# What are the best books on the sacraments?



## DanielC (Mar 7, 2006)

Is there a definitive reformed work on either baptism or the Lord's Supper, or on both sacraments in general? I feel fine about studying Bannerman on the Church or Buchanan on Justification or Witsius on the covenant or Smeaton on the atonement, etc., but what should fill that space on my bookshelf reserved for the sacraments?

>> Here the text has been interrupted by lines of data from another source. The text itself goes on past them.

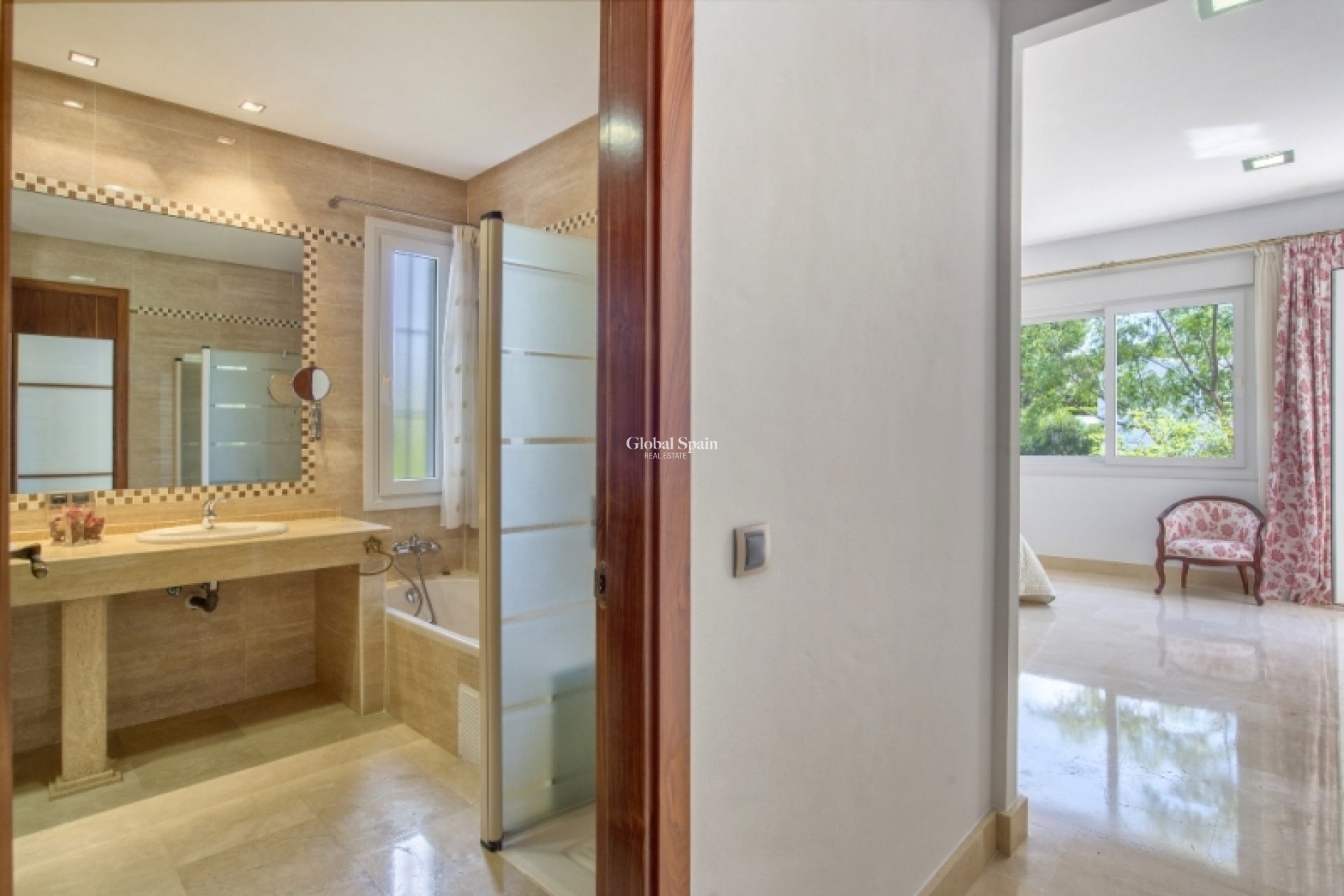 Wiederverkauf - Villa -
Calahonda - Mijas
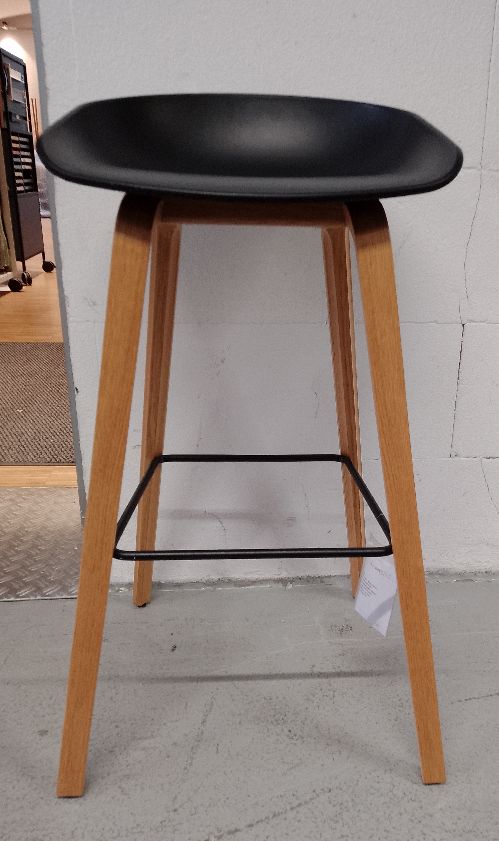 About a Stool AAS32 / AAS 32 Tabouret de bar haut Hay MEUBLE D'EXPOSITION / MEUBLES D'OCCASION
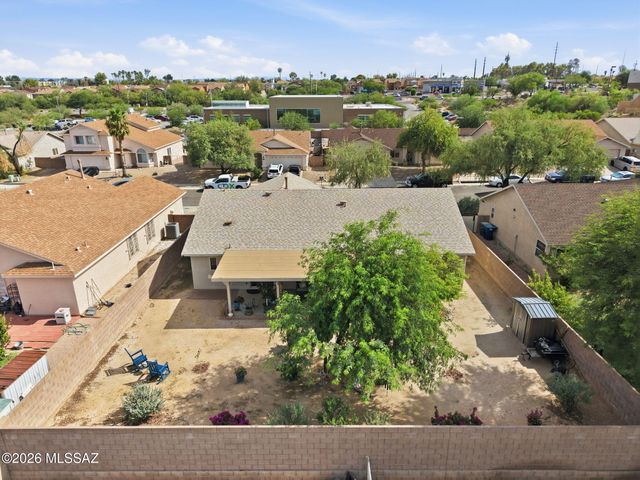 7993 E Blindweed Drive, Tucson, AZ 85710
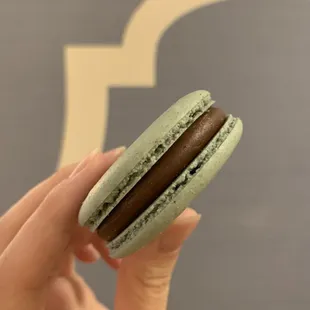 Earl Gray Macaron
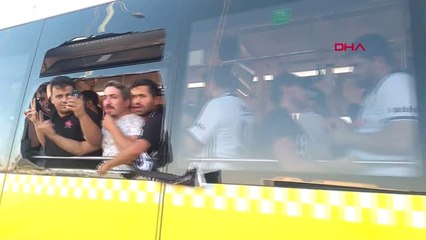 Spor Beşiktaşlı Birkaç Taraftar, Otobüse Zarar Verdi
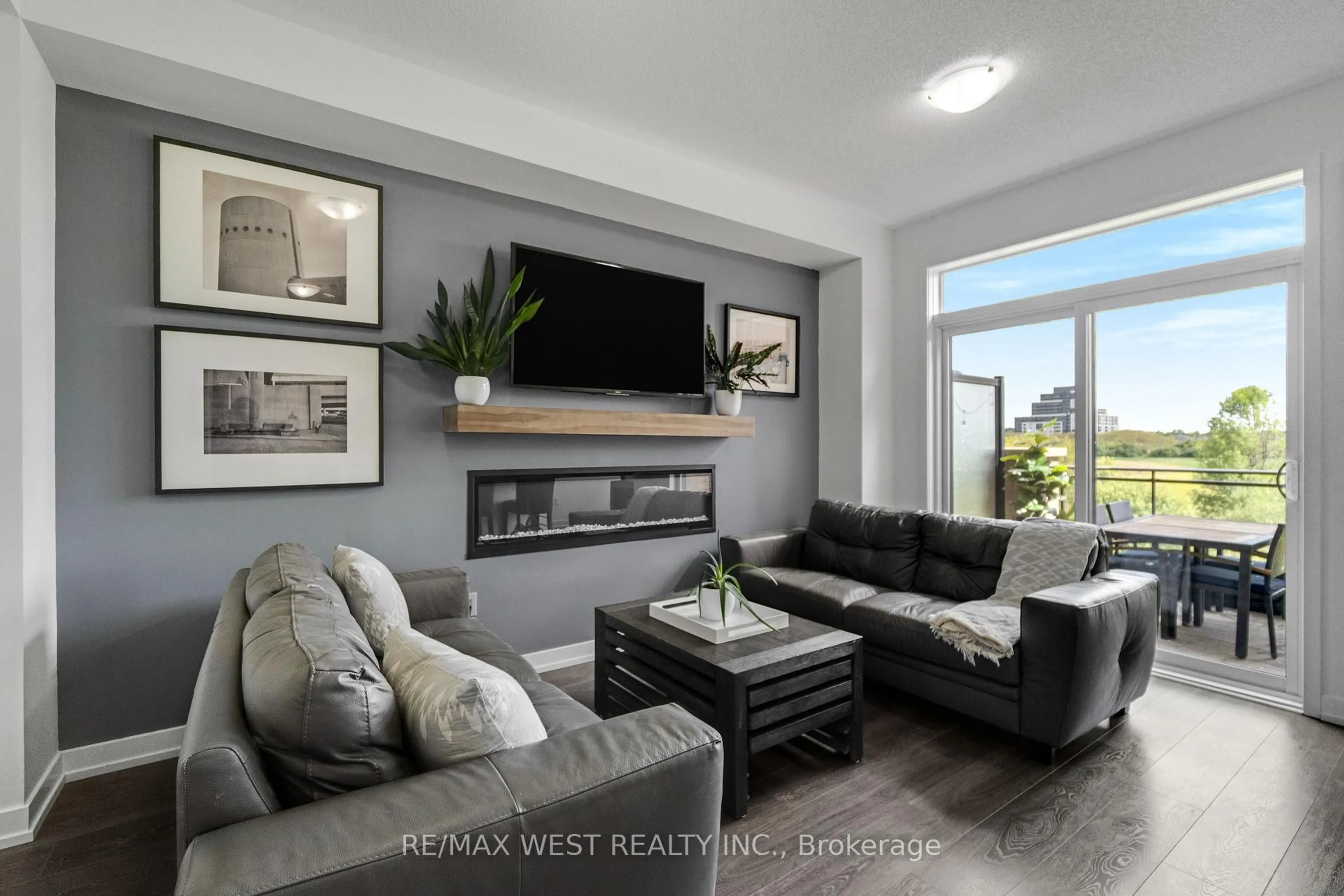Living room with furniture, unknown for 3179 Mintwood Circ, Oakville Ontario L6H 0N9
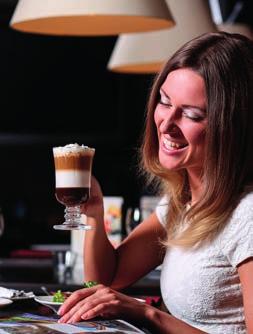 Puur genieten! De Esprecious behoort tot de volautomatische espressomachines van Bravilor Bonamat. Alle koffiespecialiteiten worden met versgemalen koffiebonen bereid.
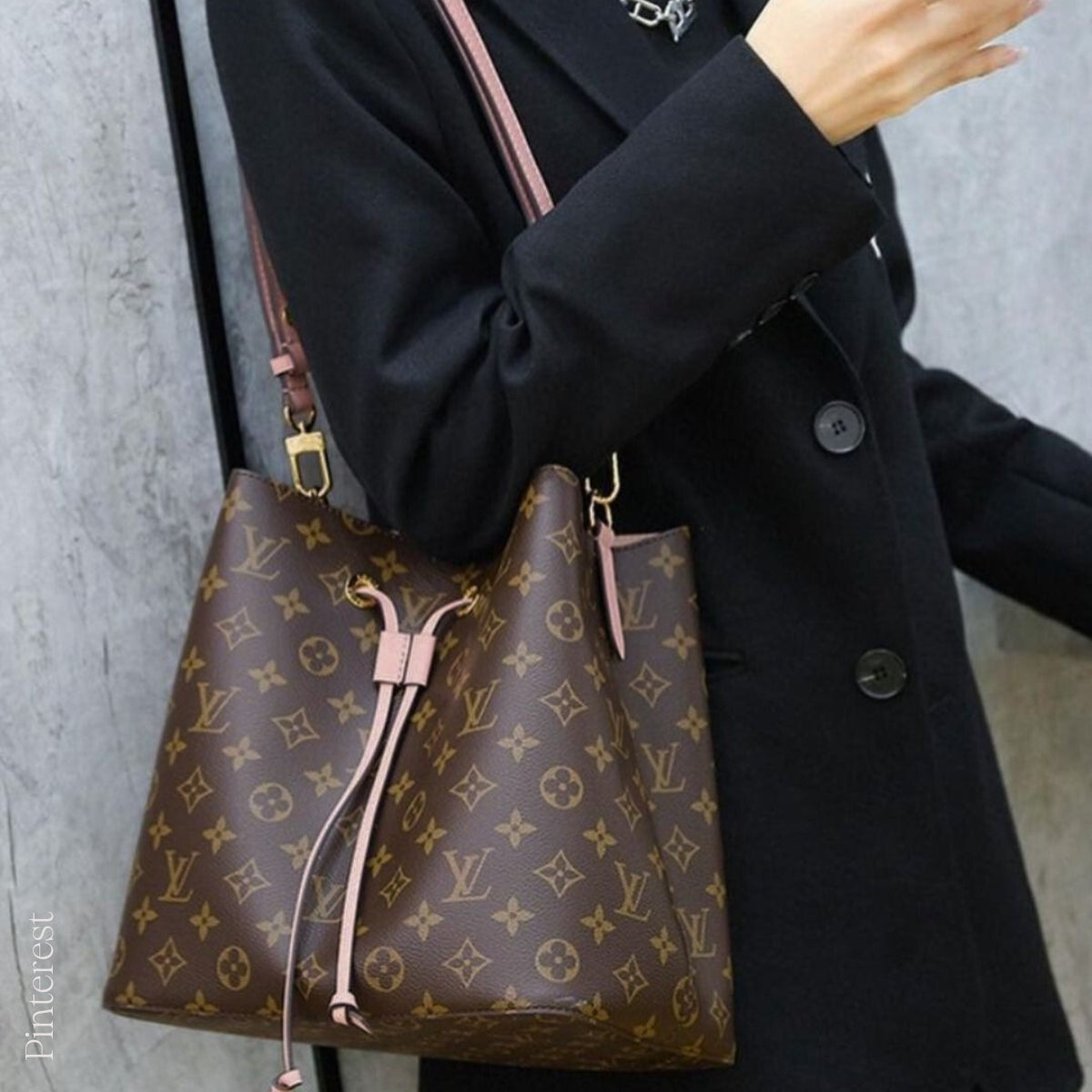 NéoNoé MM Bucket Bag in Monogram Canvas and Pink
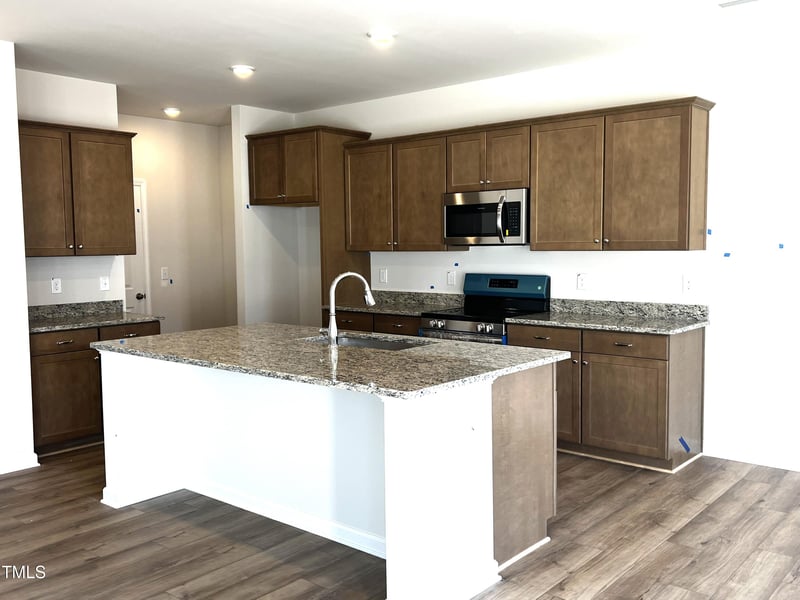 1605 Old Barn Rd #1, Fayetteville, NC 28312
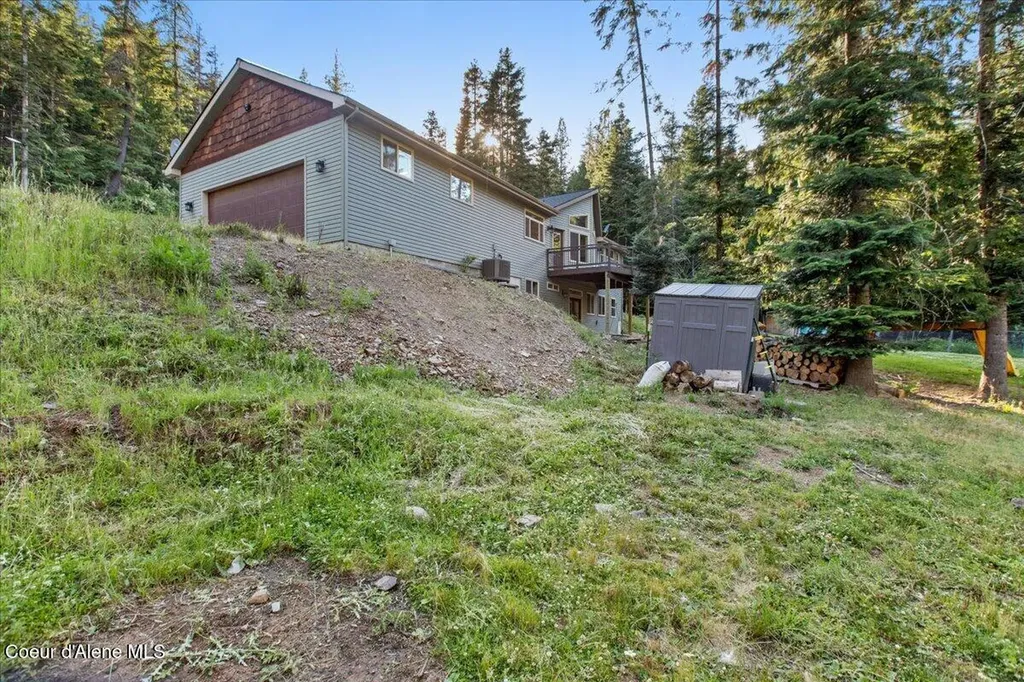 17727 S Bull Run Road Cataldo ID 83810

With all due respect, no baptist or padeocommunion books please!

Thanks!


----------



## RamistThomist (Mar 7, 2006)

Keith Mathison, _Given for you: Calvin's Doctrine of the Lord Supper_. I doubt it is the best, but I like Mathison and have found this very helpful.


----------



## Me Died Blue (Mar 7, 2006)

Indeed, Mathison's work sets out Calvin's view on the Supper in particular, and the nature of its "efficacy" (which is essentially Westminster's view as well).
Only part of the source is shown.